Search code examples
pythonpandasdataframepython-multithreading

Python Threads with Pandas Dataframe does not improve performance


i have a Dataframe of 200k lines, i want to split into parts and call my function S_Function for each partition.

def S_Function(df):
    #mycode here 
    return new_df

Main program

N_Threads = 10
Threads = []
Out = []

size = df.shape[0] // N_Threads

for i in range(N_Threads + 1):

    begin = i * size
    end = min(df.shape[0], (i+1)*size)
    Threads.append(Thread(target = S_Function, args = (df[begin:end])) )

I run the threads & make the join :

for i in range(N_Threads + 1):
    Threads[i].start()

for i in range(N_Threads + 1):
    Out.append(Threads[i].join())

output = pd.concat(Out)

The code is working perfectly but the problem is that using threading.Thread did not decrease the execution time.
Sequential Code : 16 minutes
Parallel Code : 15 minutes

Can someone explain what to improve, why this is not working well?


Solution

  • Don't use threading when you have to process CPU-bound operations.
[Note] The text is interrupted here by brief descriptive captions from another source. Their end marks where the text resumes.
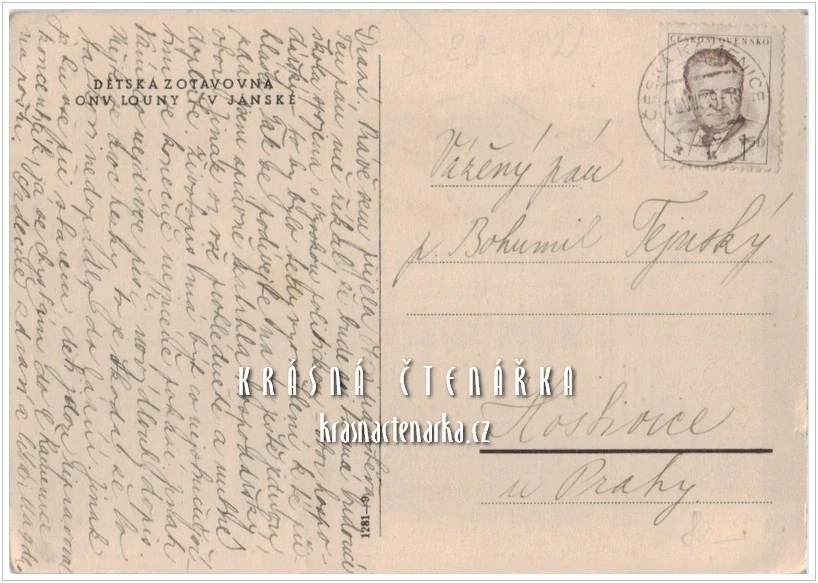 JANSKÁ, Dětská zotavovna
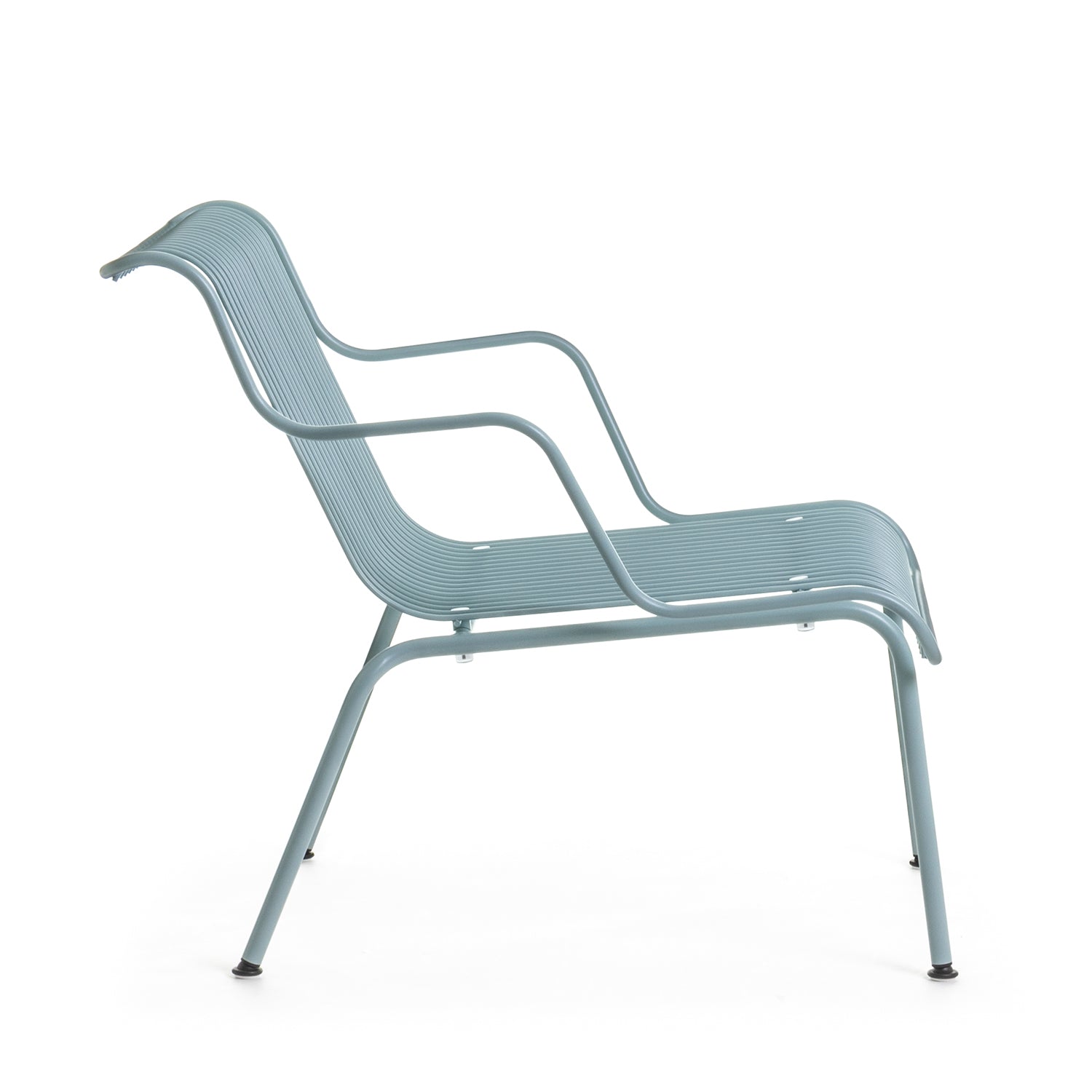 Magis South Low Armchair in light blue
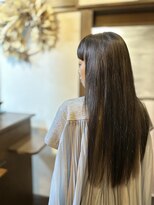 プラスエン(PLUS縁) 酸性ストレート+インナーカラー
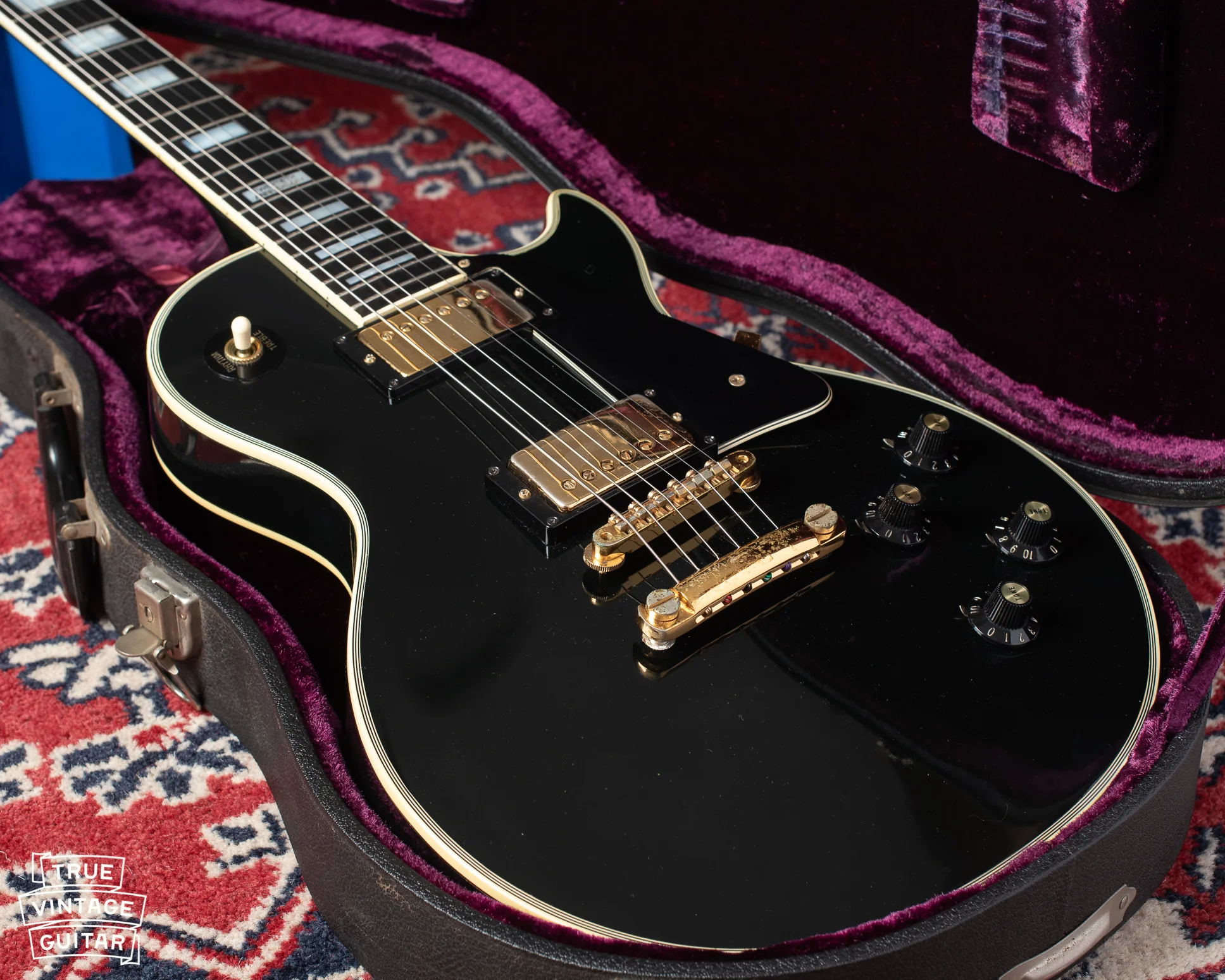 Gibson Les Paul Custom 20th Anniversary 1974 - Image 4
To achieve your goal, I think you should use multiprocessing module

    Try:

    import pandas as pd
    import numpy as np
    import multiprocessing
    import time
    import functools
    
    # Modify here
    CHUNKSIZE = 20000
    
    def S_Function(df, dictionnary):
        # do stuff here
        new_df = df
        return new_df
    
    
    if __name__ == '__main__':
        # Load your dataframe
        df = pd.DataFrame({'A': np.random.randint(1, 30000000, 200000).tolist()})
    
        # Create chunks to process
        chunks = (df[i:i+CHUNKSIZE] for i in range(0, len(df), CHUNKSIZE))
        dictionnary = {'k1': 'v1', 'k2': 'v2'}
        s_func = functools.partial(S_Function, dictionnary=dictionnary)
    
        start = time.time()
        with multiprocessing.Pool(multiprocessing.cpu_count()) as pool:
            data = pool.map(s_func, chunks)
            out = pd.concat(data)
        end = time.time()
    
        print(f"Elapsed time: {end - start:.2f} seconds")